Hybridization protocol
100 ul of pre-warmed (70°C) hybridization buffer (Slidehybe 3, Ambion) was added to probe mixtures and final probe solutions applied to pre-warmed microarray slides. Hybridizations were conducted for 18 hours using step down temperatures from 65°C to 42°C in sealed chambers of a Gene Tac hybridization chamber (Genomic Solutions, Inc., Ann Arbor, MI, USA). Following hybridization, slides were washed 2X with medium stringency buffer, 1X with high stringency buffer (Genomic Solutions), rinsed briefly at room temperature in 2X saline sodium citrate and then water, and dried by centrifugation at 1000 RPM in a cushioned 50-ml conical centrifuge tube.
Scan protocol
Dried microarrays were scanned immediately using a GeneTac LS IV microarray scanner (Genomic Solutions).
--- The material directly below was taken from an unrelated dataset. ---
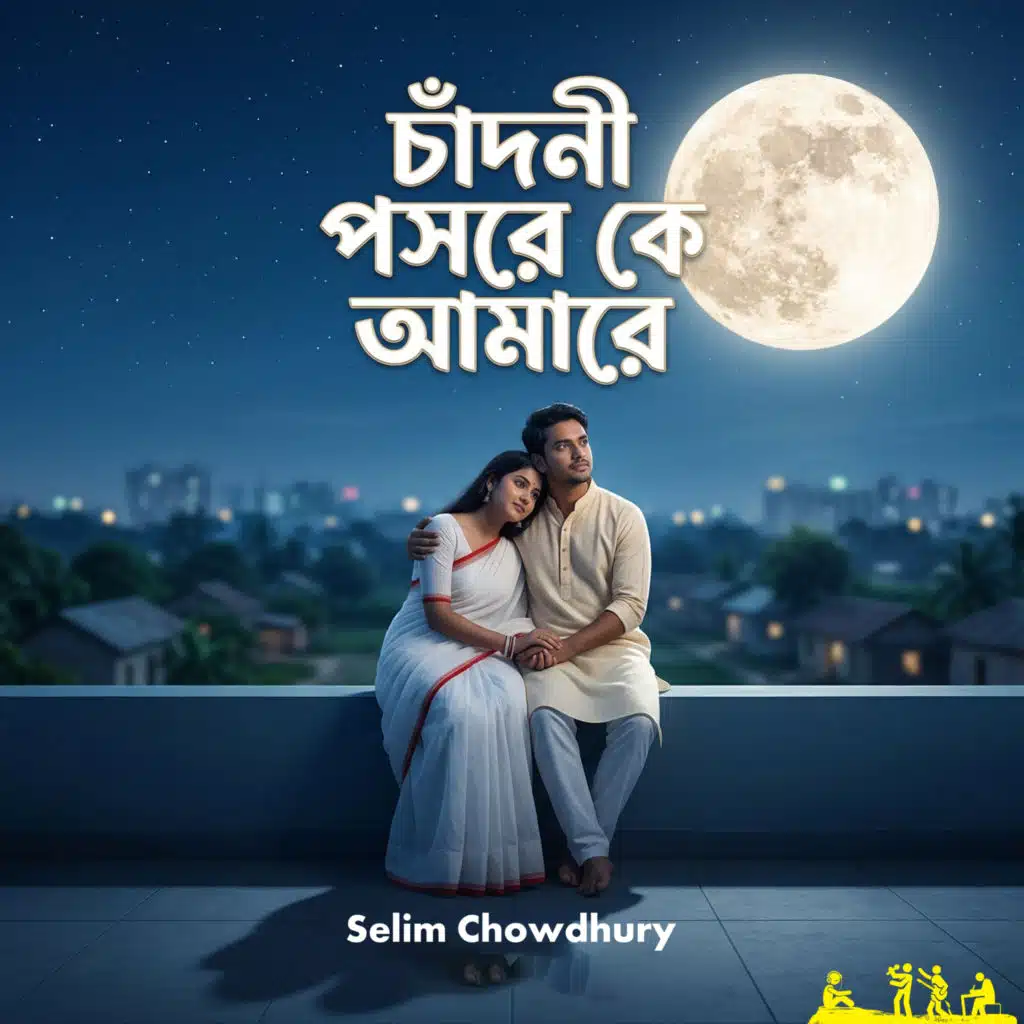 Chandni Poshore Ke Amare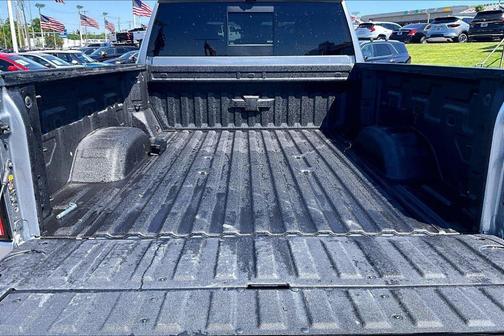 Sterling Gray Metallic 2026 Chevrolet Silverado 2500 LTZ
GeneTac Integrator 4.0 software was then used to process array images, align spots, integrate robot-spotting files with the microarray image, and to export reports of spot intensity data.
Description
Bovine adult versus prepubertal cumulus cells, Replicate 1
Data processing
For microarray experiments, estimates of FDR and differentially expressed genes (FDR = 5%) were identified using the significance analysis of microarrays program [34]. Differences in ratios of Cy3/Cy5 < 0.7 (P < 0.05; FDR = 5%) or Cy3/Cy5>1.3 (P < 0.05; FDR = 5%) were considered significant. Initial annotation and gene symbols for features on the array were obtained using the Gene Links toolkit (http://cafg.msu.edu) and Unigene search function (http://www.ncbi.nlm.nih.gov/sites/entrez?db=unigene). Identification of biological themes (overrepresented genes) within lists of genes showing greater mRNA abundance in cumulus cells of prepubertal and adult oocytes was performed using expression analysis systematic explorer (EASE) [35] with a FDR of 10%.